> [Source material]:
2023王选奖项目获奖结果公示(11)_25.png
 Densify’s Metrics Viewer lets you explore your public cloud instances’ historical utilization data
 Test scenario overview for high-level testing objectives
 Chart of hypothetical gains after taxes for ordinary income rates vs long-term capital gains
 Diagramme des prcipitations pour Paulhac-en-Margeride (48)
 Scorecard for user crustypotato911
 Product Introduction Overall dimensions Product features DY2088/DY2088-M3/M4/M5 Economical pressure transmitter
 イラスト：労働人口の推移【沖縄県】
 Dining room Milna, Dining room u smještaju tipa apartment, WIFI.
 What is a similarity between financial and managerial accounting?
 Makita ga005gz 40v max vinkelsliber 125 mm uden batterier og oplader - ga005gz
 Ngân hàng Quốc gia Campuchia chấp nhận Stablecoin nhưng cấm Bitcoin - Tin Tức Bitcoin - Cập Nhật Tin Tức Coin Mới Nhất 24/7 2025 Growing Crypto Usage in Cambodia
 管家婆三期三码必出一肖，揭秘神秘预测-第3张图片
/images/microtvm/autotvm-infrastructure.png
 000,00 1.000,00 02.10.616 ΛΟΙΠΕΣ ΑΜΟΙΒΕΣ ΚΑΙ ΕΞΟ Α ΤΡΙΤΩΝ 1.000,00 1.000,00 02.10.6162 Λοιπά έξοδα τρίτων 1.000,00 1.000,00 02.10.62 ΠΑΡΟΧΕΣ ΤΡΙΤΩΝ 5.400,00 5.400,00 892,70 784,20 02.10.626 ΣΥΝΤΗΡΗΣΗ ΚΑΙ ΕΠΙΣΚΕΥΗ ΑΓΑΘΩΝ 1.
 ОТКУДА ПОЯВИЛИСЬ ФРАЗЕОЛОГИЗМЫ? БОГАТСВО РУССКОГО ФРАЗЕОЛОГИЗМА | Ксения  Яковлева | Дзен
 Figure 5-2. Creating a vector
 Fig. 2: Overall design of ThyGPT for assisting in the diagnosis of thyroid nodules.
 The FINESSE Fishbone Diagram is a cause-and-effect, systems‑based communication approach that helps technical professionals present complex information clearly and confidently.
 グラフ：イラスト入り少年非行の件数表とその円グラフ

> [What you are asked to do]: Wherever the string "Overall" appears in a line above, copy that line.

> [Solved problem]:
 Product Introduction Overall dimensions Product features DY2088/DY2088-M3/M4/M5 Economical pressure transmitter
 Fig. 2: Overall design of ThyGPT for assisting in the diagnosis of thyroid nodules.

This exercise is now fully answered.